BEGIN Records provided

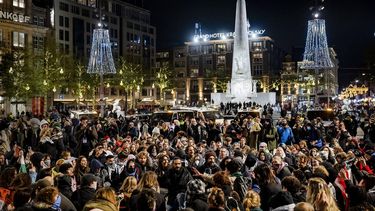 AMSTERDAM - Pro-Palestijnse demonstranten voeren actie tegen fascisme en genocide op de Dam. In de hoofdstad geldt een noodverordening vanwege het geweld na de wedstrijd tussen Ajax - Maccabi Tel Aviv. De noodmaatregel houdt onder meer een demonstratieverbod in. ANP RAMON VAN FLYMEN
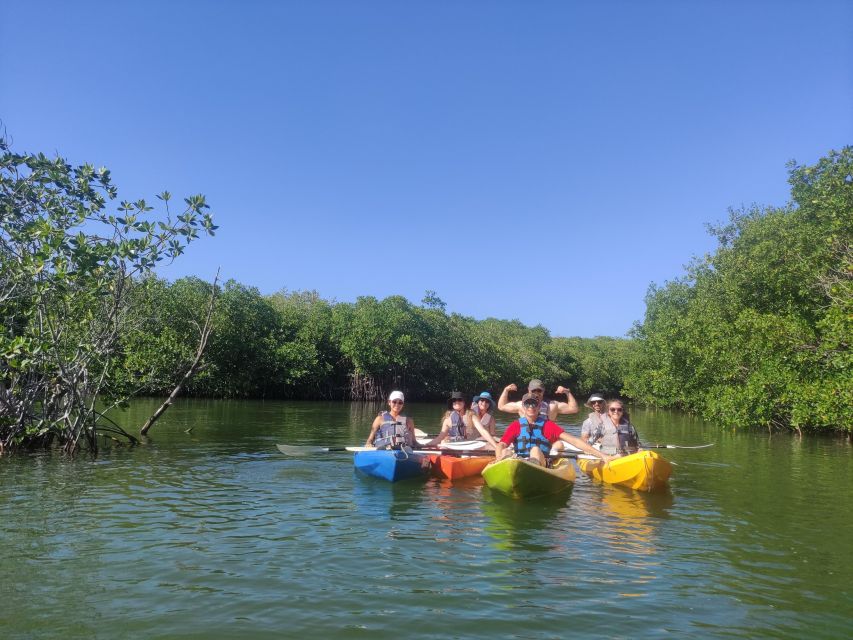Cancun: Kayaking Tour in Nichupte Lagoon - Guide quality and group atmosphere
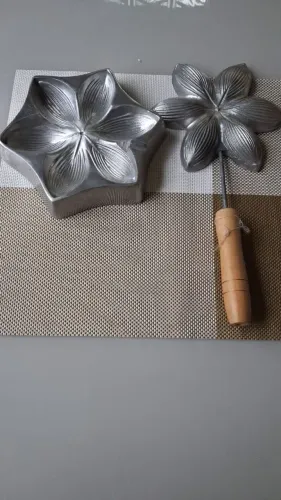 Kit 24peças  frisadores EVA aluminio flores e folhas Apenas 450 reais 
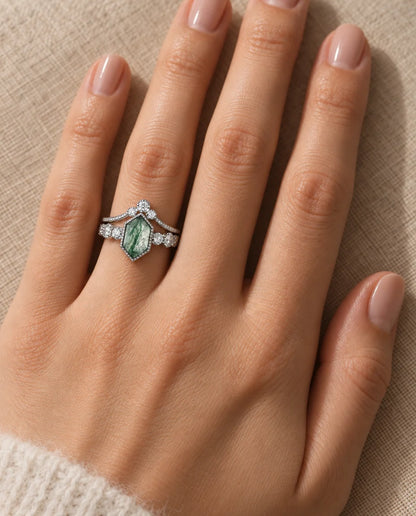 Bague Agate Mousse - portée à la main, gros plan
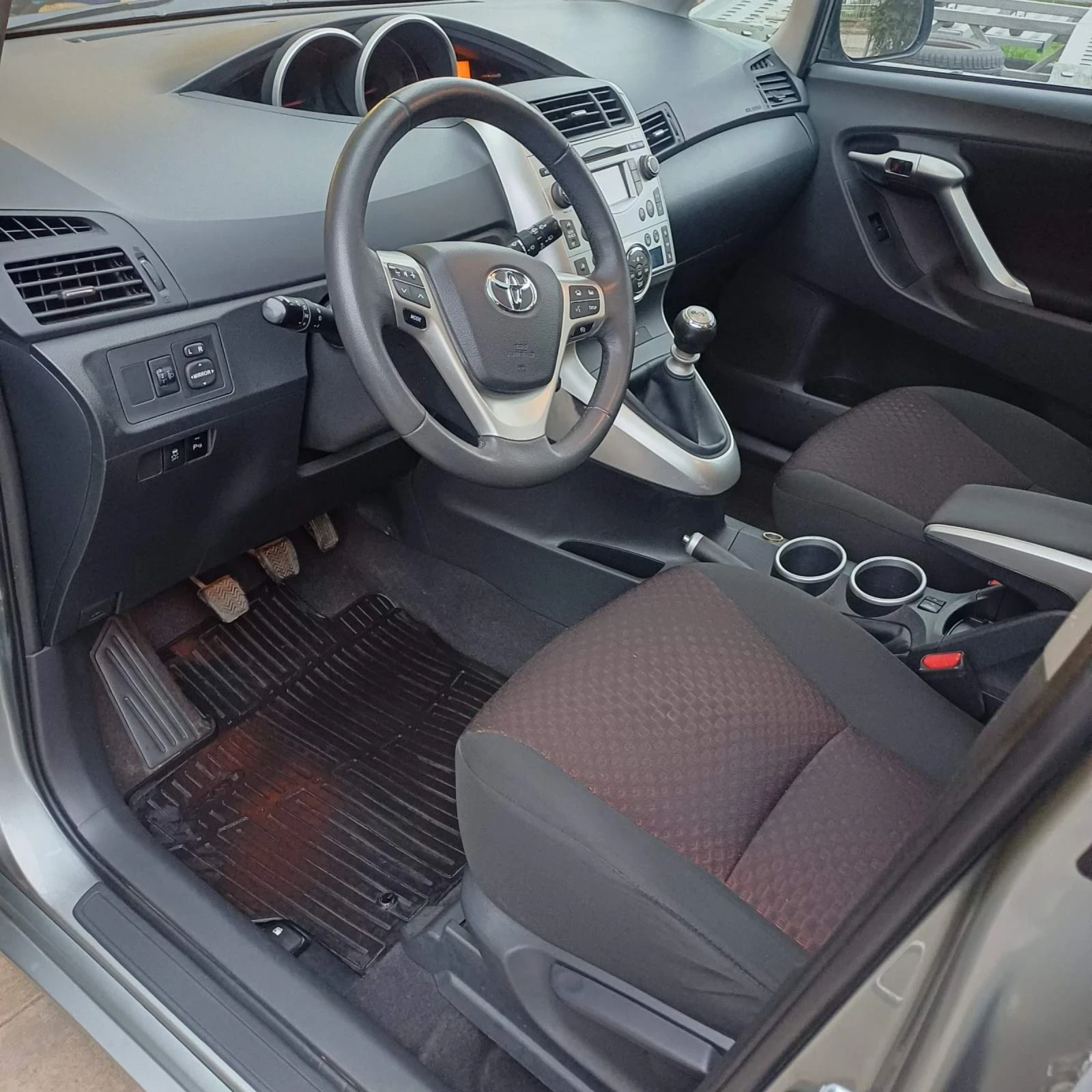 Toyota Verso  - изображение 6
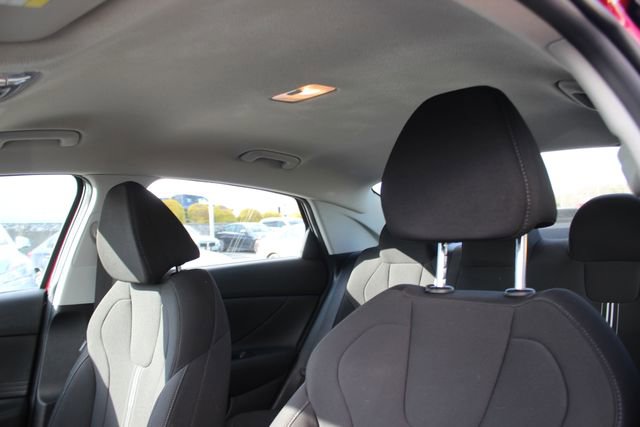 Used 2023 Hyundai Elantra SEL FWD image 20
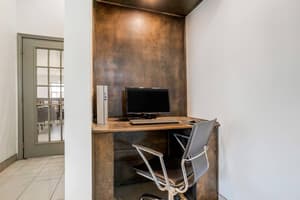 thumbnail: Business center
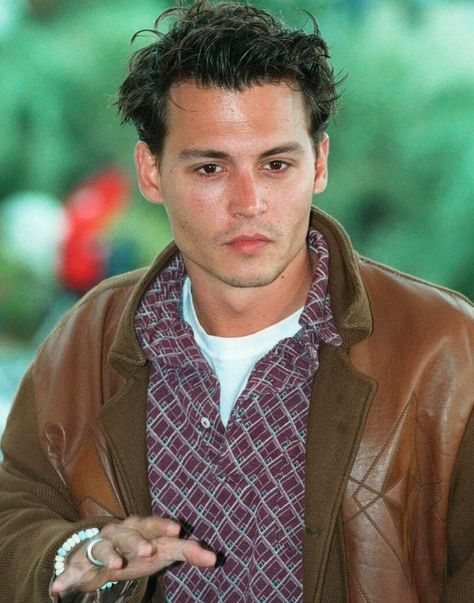 Johnny Depp Haircut, Johnny Depp Hairstyle, 90s Hairstyles Men, 2000s Hairstyles, Here's Johnny, Editorial Hair, Hair Inspiration Short, 90s Hairstyles, Long Hair Styles Men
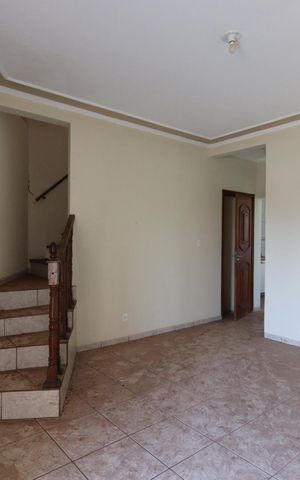 Casa para alugar com 200m², 4 quartos e 1 vaga Casa para alugar com 200m², 4 quartos e 1 vagaSala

END Records provided

What is needed is a verbatim copy of the lines from the line with "thumbnail: Business center" through the last line of the listing, pictures excluded.

 thumbnail: Business center
 Johnny Depp Haircut, Johnny Depp Hairstyle, 90s Hairstyles Men, 2000s Hairstyles, Here's Johnny, Editorial Hair, Hair Inspiration Short, 90s Hairstyles, Long Hair Styles Men
 Casa para alugar com 200m², 4 quartos e 1 vaga Casa para alugar com 200m², 4 quartos e 1 vagaSala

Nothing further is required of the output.